··· Data for review

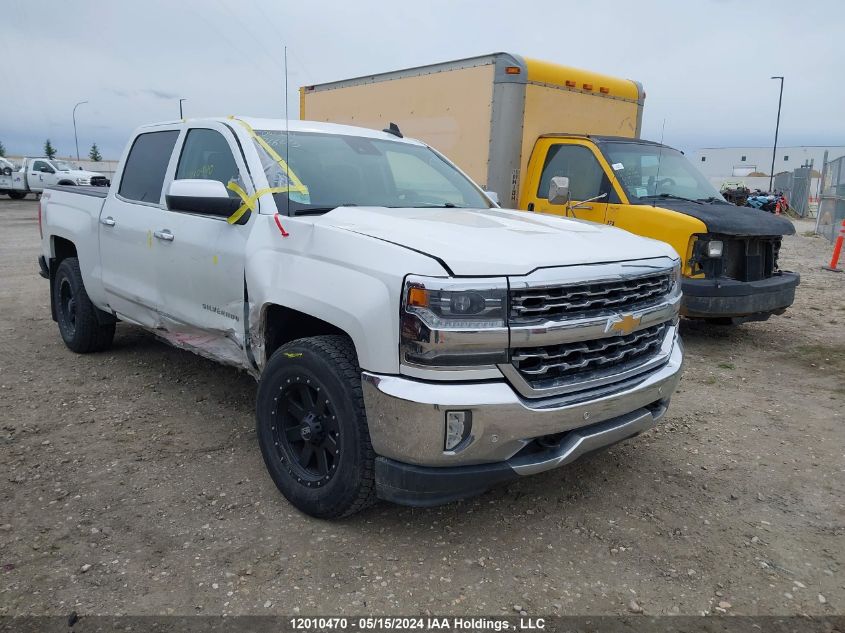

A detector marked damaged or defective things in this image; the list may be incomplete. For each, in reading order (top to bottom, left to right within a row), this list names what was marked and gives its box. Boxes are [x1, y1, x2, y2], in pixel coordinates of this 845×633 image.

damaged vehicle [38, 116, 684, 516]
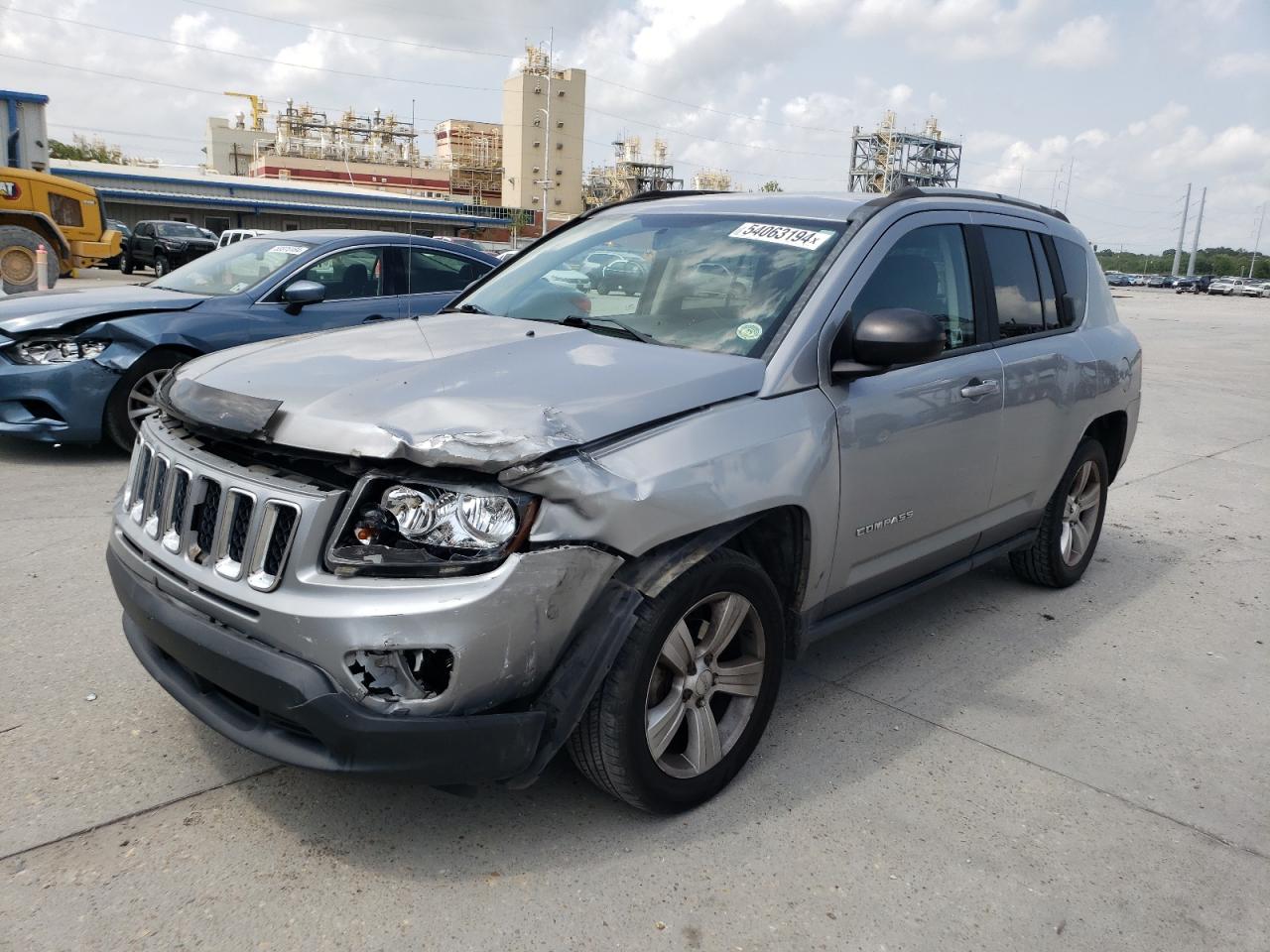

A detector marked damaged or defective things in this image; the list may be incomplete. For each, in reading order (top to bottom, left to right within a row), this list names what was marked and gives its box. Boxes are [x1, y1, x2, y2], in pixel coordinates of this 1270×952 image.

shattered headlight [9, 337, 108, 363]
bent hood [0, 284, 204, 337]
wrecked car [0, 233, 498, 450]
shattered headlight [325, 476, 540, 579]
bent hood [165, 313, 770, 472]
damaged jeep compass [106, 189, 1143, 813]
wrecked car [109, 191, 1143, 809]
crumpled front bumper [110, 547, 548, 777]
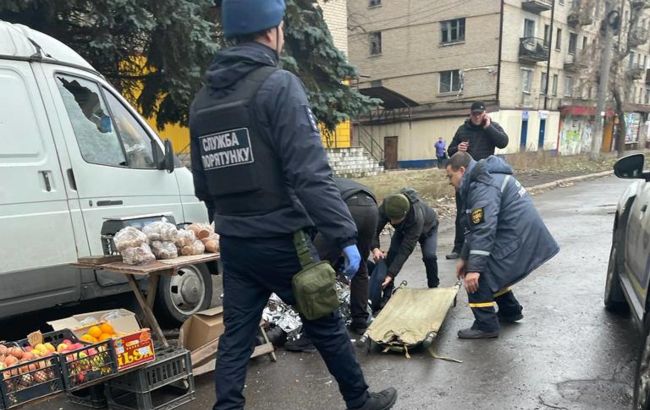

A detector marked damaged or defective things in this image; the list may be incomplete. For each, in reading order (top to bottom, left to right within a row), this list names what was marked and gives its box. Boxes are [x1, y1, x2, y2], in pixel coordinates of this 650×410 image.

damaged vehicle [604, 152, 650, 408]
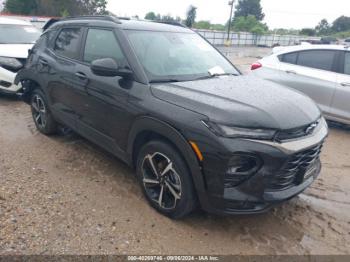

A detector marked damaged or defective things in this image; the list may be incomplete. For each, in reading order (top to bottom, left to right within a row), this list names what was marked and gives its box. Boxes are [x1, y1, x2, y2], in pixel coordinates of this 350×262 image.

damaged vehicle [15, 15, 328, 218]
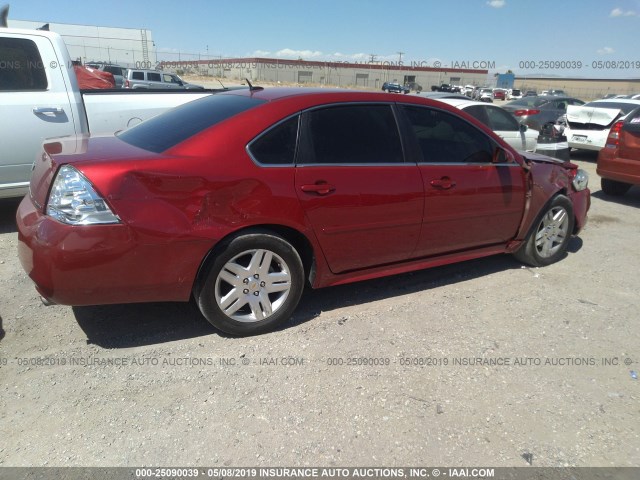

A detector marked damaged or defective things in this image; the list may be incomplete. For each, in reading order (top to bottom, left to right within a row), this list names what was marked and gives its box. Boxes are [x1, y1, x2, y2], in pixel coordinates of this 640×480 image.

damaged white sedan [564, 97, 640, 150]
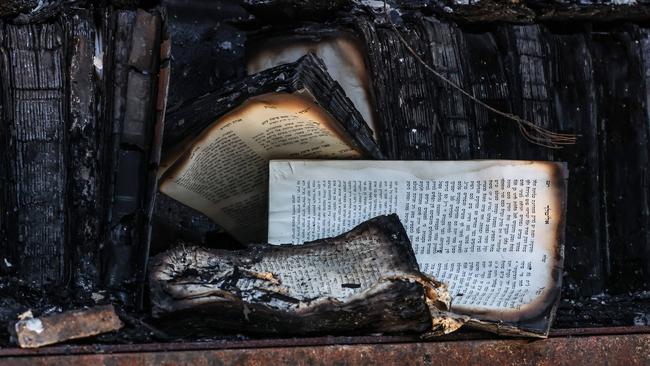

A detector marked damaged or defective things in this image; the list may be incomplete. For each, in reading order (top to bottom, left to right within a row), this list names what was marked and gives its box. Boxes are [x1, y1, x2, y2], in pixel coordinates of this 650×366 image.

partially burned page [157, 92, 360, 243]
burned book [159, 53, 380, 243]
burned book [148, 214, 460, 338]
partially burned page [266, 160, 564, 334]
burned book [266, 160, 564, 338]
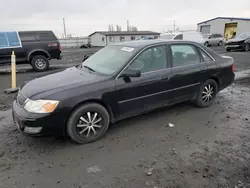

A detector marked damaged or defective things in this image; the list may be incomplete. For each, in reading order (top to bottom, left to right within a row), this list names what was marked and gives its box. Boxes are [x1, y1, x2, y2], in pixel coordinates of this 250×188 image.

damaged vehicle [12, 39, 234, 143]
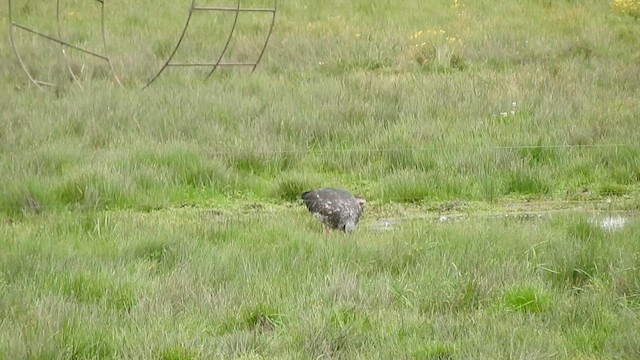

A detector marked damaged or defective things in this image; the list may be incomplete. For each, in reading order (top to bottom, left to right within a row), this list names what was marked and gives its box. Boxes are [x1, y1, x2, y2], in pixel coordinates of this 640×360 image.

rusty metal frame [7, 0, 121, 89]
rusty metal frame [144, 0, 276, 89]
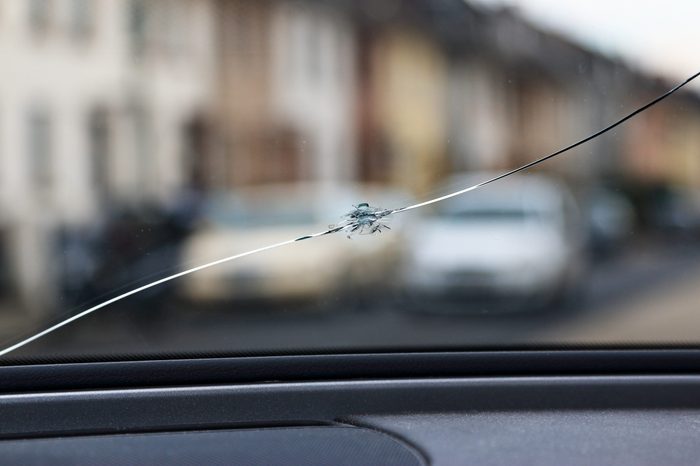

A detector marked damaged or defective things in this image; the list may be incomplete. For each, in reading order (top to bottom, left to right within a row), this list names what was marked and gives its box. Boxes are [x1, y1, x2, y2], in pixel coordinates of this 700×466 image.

······

| Try it |
Find the line that contains "this 640×360 image.", then write out that line and each one after it, exactly and with nothing else, through the end of the entries above, without the pictures.

| Your solution |
A detector marked damaged or defective things in this image; the list may be incomplete. For each, in reading order (top to bottom, left to right within a row), this list names what was marked and gives its box. Boxes are [x1, y1, x2, y2], in pixel coordinates of this 640×360 image.

rusty metal frame [7, 0, 121, 89]
rusty metal frame [144, 0, 276, 89]

A detector marked damaged or defective things in this image; the list may be incomplete. For each, in reading order (top to bottom, left to right within a row), this list names what was marked and gives its box. Boxes are [x1, y1, x2, y2], in pixel coordinates of this 700×466 image.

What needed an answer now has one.